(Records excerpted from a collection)
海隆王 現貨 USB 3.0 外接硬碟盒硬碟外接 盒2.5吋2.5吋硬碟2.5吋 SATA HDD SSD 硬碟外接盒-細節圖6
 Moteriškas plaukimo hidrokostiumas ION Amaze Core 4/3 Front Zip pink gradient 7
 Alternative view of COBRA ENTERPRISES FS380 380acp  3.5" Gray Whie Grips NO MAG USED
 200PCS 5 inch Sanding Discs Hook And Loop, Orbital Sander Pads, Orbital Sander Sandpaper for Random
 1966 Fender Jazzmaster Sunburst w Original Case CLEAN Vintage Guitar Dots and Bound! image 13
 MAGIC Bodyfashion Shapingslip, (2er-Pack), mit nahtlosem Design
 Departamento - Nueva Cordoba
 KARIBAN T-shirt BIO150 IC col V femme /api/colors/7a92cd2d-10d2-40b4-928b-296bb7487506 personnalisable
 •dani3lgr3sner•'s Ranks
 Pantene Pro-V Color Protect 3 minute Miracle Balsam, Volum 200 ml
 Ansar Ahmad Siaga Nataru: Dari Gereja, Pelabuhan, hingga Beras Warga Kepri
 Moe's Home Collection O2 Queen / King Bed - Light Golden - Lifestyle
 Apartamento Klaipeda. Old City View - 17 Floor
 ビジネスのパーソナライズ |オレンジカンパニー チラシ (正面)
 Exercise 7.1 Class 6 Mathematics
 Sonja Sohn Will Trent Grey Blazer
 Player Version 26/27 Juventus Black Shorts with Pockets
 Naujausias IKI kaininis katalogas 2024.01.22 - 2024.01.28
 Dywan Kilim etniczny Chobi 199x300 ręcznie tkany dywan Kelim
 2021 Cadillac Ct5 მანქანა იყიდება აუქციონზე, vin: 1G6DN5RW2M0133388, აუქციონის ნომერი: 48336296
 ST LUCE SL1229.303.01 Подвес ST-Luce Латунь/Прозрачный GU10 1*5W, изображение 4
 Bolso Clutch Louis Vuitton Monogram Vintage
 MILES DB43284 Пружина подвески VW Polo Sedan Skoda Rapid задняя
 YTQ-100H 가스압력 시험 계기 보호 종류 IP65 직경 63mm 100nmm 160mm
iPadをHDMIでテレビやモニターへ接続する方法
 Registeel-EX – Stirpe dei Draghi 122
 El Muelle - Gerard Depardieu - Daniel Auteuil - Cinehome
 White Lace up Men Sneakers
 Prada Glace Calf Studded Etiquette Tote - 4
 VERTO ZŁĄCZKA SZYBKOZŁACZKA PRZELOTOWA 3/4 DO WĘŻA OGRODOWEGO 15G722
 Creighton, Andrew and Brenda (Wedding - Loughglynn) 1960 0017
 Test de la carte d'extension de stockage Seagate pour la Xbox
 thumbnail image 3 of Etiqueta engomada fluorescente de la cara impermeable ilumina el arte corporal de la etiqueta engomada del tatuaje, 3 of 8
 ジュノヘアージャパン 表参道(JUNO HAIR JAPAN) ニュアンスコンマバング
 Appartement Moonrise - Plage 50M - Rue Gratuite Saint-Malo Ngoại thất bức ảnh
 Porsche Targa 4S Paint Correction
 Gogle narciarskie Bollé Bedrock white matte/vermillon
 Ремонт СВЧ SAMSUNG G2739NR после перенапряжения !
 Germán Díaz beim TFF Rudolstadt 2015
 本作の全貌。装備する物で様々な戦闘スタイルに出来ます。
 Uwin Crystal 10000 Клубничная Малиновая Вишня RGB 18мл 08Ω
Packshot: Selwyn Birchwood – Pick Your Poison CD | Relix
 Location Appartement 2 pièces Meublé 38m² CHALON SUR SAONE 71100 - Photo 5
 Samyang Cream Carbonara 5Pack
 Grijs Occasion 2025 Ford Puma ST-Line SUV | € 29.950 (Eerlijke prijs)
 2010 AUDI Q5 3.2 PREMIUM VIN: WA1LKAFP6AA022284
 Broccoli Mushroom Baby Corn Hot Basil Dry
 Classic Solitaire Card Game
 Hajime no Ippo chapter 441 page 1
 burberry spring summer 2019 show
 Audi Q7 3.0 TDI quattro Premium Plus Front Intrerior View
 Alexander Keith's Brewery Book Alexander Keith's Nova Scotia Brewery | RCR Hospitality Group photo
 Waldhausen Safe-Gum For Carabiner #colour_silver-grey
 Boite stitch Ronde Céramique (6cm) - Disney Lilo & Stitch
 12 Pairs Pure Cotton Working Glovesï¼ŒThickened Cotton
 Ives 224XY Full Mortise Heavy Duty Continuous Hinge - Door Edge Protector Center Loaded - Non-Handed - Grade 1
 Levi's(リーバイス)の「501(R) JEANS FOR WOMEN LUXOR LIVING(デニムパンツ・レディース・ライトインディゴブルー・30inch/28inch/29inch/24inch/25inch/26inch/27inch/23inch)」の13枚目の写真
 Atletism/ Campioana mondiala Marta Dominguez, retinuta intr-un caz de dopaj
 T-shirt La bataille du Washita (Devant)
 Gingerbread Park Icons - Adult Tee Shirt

AIM OF THE EXERCISE: Would you print, exactly as written, every line above from the one holding "Moe's Home Collection" through the one holding "2021 Cadillac Ct5", with both included and no other lines?

SOLUTION BELOW:
 Moe's Home Collection O2 Queen / King Bed - Light Golden - Lifestyle
 Apartamento Klaipeda. Old City View - 17 Floor
 ビジネスのパーソナライズ |オレンジカンパニー チラシ (正面)
 Exercise 7.1 Class 6 Mathematics
 Sonja Sohn Will Trent Grey Blazer
 Player Version 26/27 Juventus Black Shorts with Pockets
 Naujausias IKI kaininis katalogas 2024.01.22 - 2024.01.28
 Dywan Kilim etniczny Chobi 199x300 ręcznie tkany dywan Kelim
 2021 Cadillac Ct5 მანქანა იყიდება აუქციონზე, vin: 1G6DN5RW2M0133388, აუქციონის ნომერი: 48336296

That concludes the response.